Pair Corralation between Ping An and Shanghai Construction
Assuming the 90 days trading horizon Ping An Insurance is expected to under-perform the Shanghai Construction. But the stock apears to be less risky and, when comparing its historical volatility, Ping An Insurance is 1.46 times less risky than Shanghai Construction. The stock trades about -0.15 of its potential returns per unit of risk. The Shanghai Construction Group is currently generating about 0.12 of returns per unit of risk over similar time horizon. If you would invest 241.00 in Shanghai Construction Group on August 30, 2024 and sell it today you would earn a total of 19.00 from holding Shanghai Construction Group or generate 7.88% return on investment over 90 days.

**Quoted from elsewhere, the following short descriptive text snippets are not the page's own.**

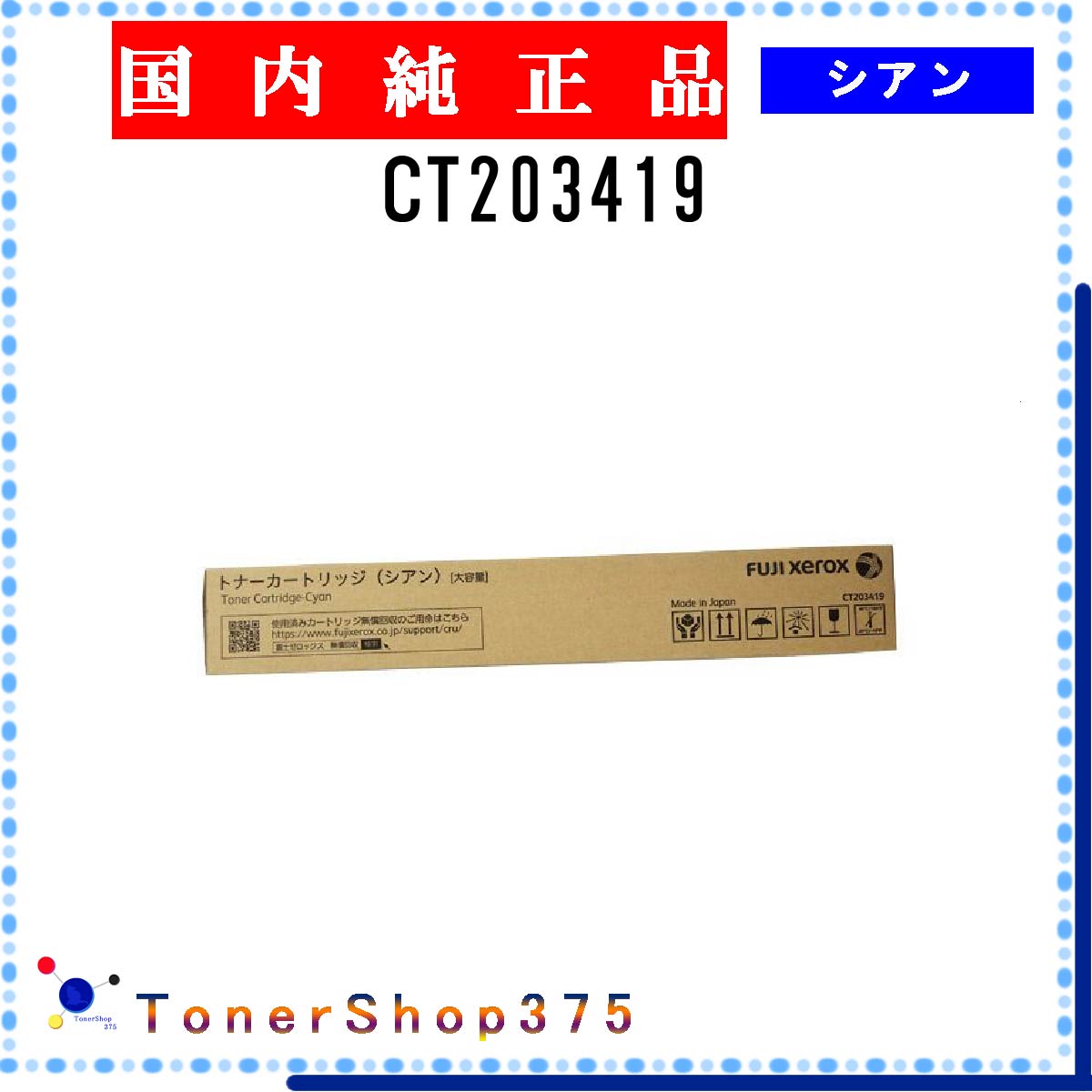 楽天市場】ct203419の通販 楽天市場】ct203419の通販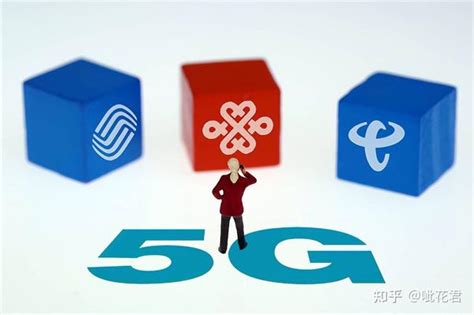 三大运营商5g网速大比拼，这个结果你想到了吗？ 知乎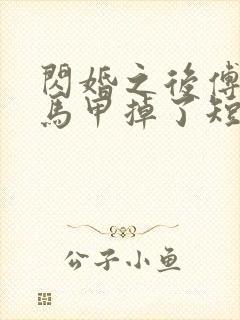 闪婚之后傅先生马甲掉了短剧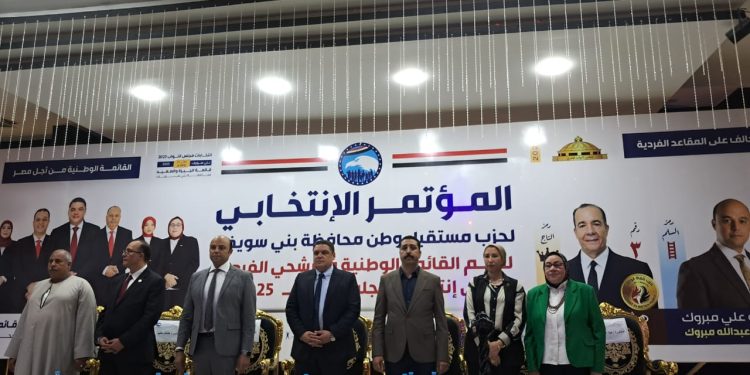مؤتمر مستقبل وطن ببني سويف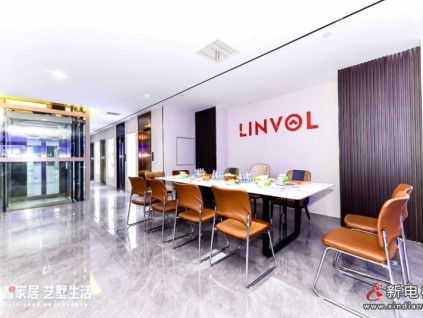 2023美的LINVOL別墅設(shè)計(jì)巡回沙龍走進(jìn)青島站，設(shè)計(jì)大咖齊聚解構(gòu)藝墅生活可能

Time Period | 3 Months [change] |
Direction | Moves Together |
Strength | Strong |
Accuracy | 100.0% |
Values | Daily Returns |
Ping An Insurance vs. Shanghai Construction Group
Performance |
Timeline |
Ping An Insurance |
Shanghai Construction |
Ping An and Shanghai Construction Volatility Contrast
Predicted Return Density |
Returns |
Pair Trading with Ping An and Shanghai Construction
The main advantage of trading using opposite Ping An and Shanghai Construction positions is that it hedges away some unsystematic risk. Because of two separate transactions, even if Ping An position performs unexpectedly, Shanghai Construction can make up some of the losses. Pair trading also minimizes risk from directional movements in the market. For example, if an entire industry or sector drops because of unexpected headlines, the short position in Shanghai Construction will offset losses from the drop in Shanghai Construction's long position.Ping An vs. Industrial and Commercial | Ping An vs. Agricultural Bank of | Ping An vs. China Construction Bank | Ping An vs. Bank of China |
Check out your portfolio center.Note that this page's information should be used as a complementary analysis to find the right mix of equity instruments to add to your existing portfolios or create a brand new portfolio. You can also try the Positions Ratings module to determine portfolio positions ratings based on digital equity recommendations. Macroaxis instant position ratings are based on combination of fundamental analysis and risk-adjusted market performance.